--- RECORDS SHOWN ---
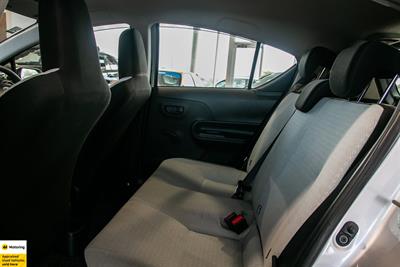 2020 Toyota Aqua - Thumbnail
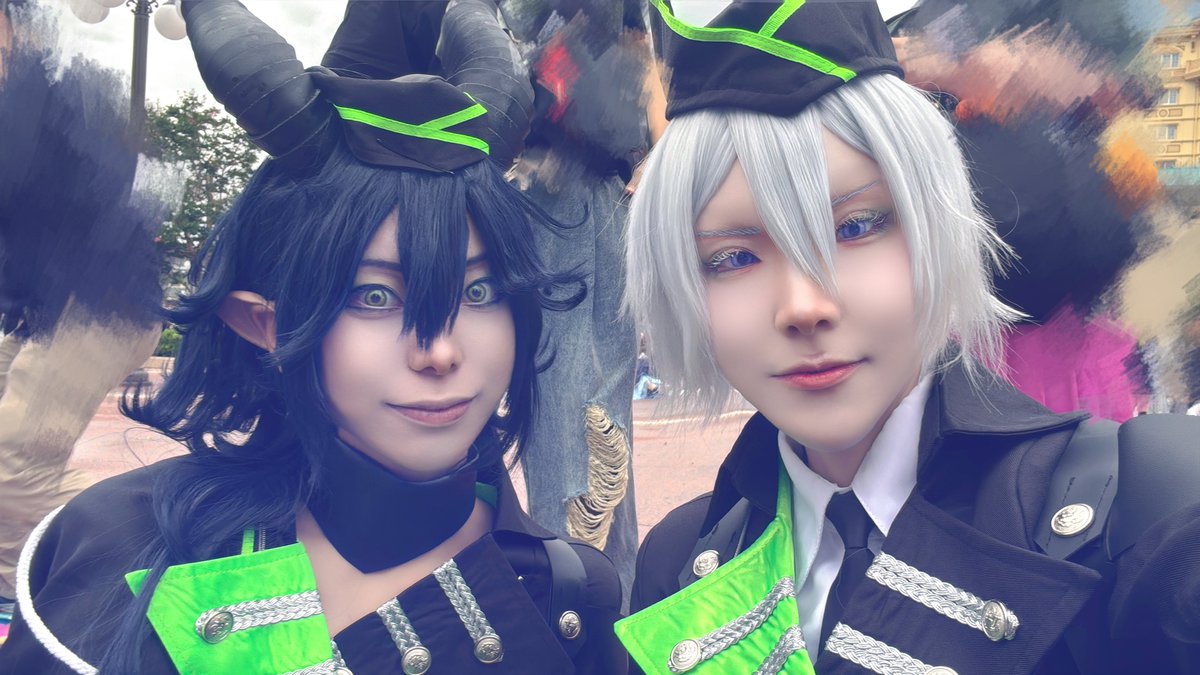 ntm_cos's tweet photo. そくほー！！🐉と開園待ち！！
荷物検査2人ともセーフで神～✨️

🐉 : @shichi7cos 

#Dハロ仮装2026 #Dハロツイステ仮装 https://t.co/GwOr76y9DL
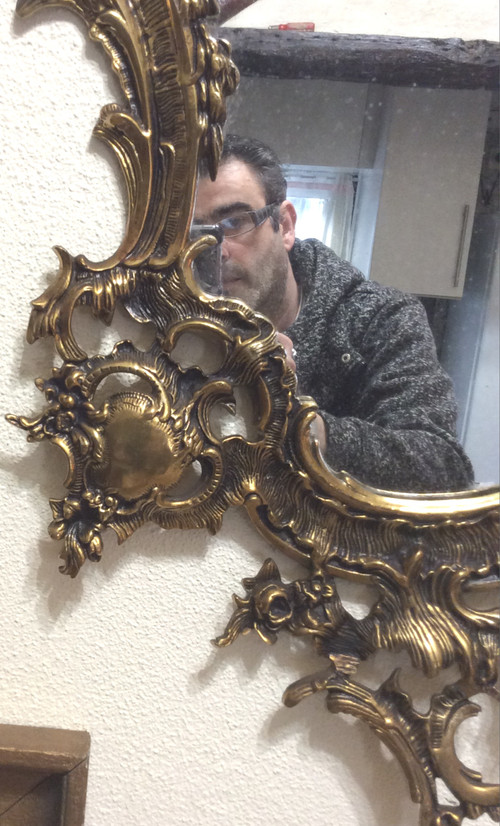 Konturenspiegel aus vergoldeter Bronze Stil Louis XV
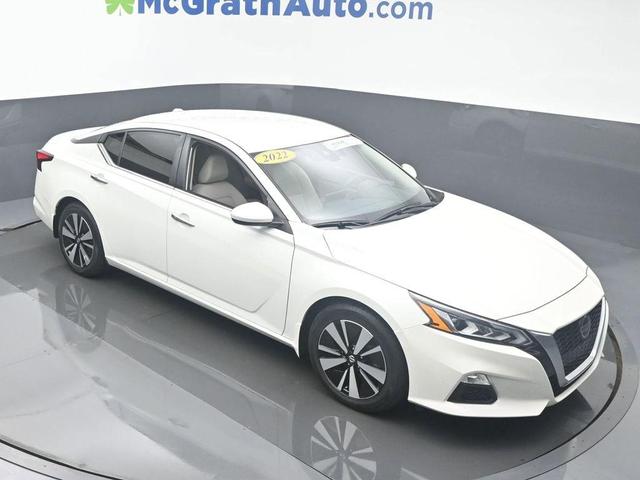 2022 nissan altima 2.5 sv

---

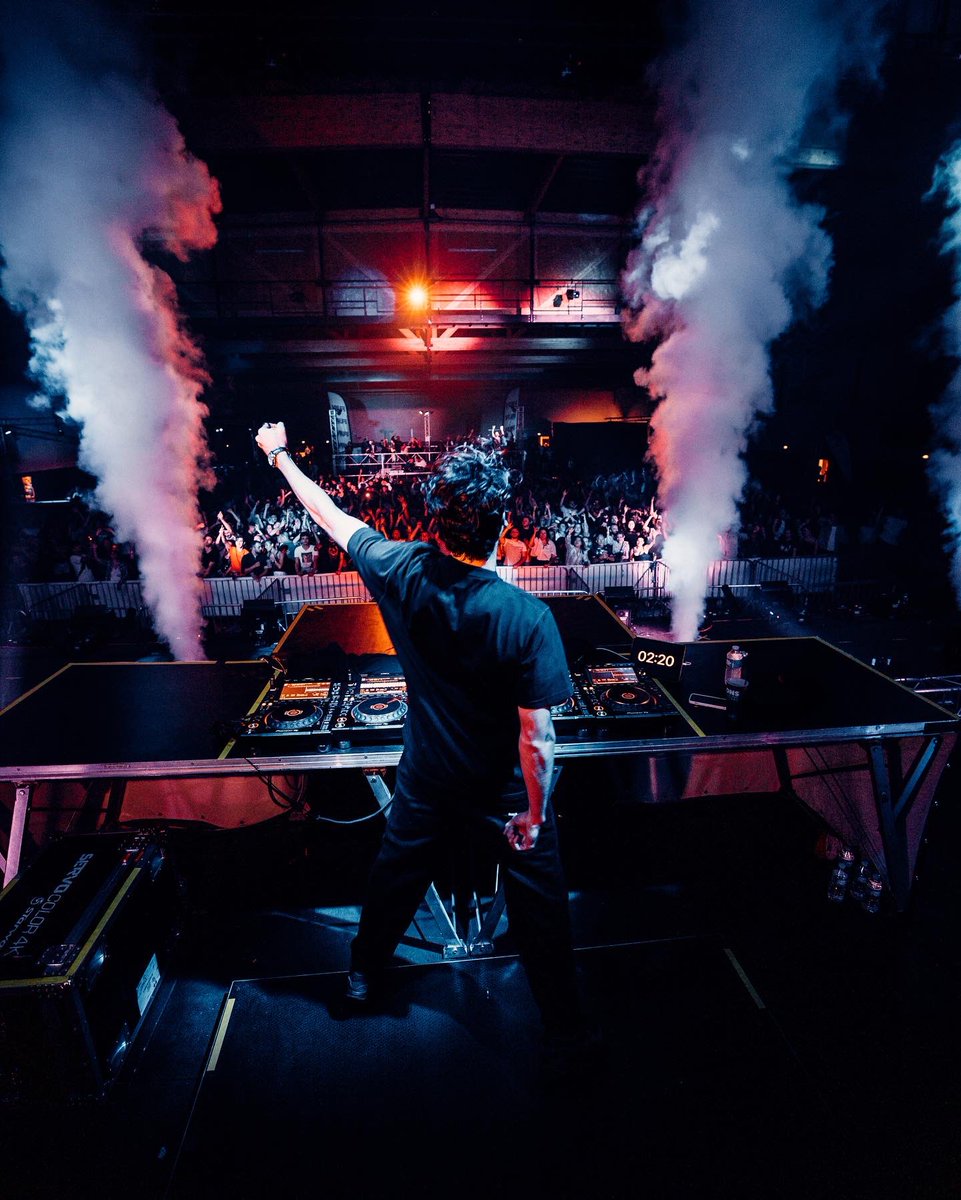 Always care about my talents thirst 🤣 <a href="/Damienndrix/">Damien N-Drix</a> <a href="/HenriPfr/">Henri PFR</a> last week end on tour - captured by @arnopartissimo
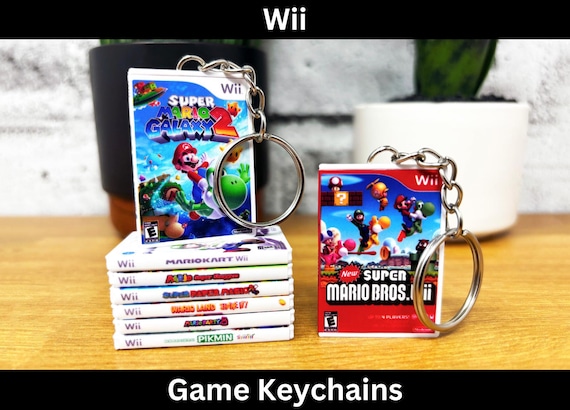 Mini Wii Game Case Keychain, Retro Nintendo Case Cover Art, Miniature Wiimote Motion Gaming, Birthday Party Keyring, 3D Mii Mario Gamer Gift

--- ACTION ITEM ---
In the listing above, find the line with "ntm_cos's tweet photo. そくほー！！🐉と開園待ち！！" and output every line through the one with "2022 nissan altima 2.5 sv", exactly, without the pictures.

--- RESULT FOR THIS TASK ---
 ntm_cos's tweet photo. そくほー！！🐉と開園待ち！！
荷物検査2人ともセーフで神～✨️

🐉 : @shichi7cos 

#Dハロ仮装2026 #Dハロツイステ仮装 https://t.co/GwOr76y9DL
 Konturenspiegel aus vergoldeter Bronze Stil Louis XV
 2022 nissan altima 2.5 sv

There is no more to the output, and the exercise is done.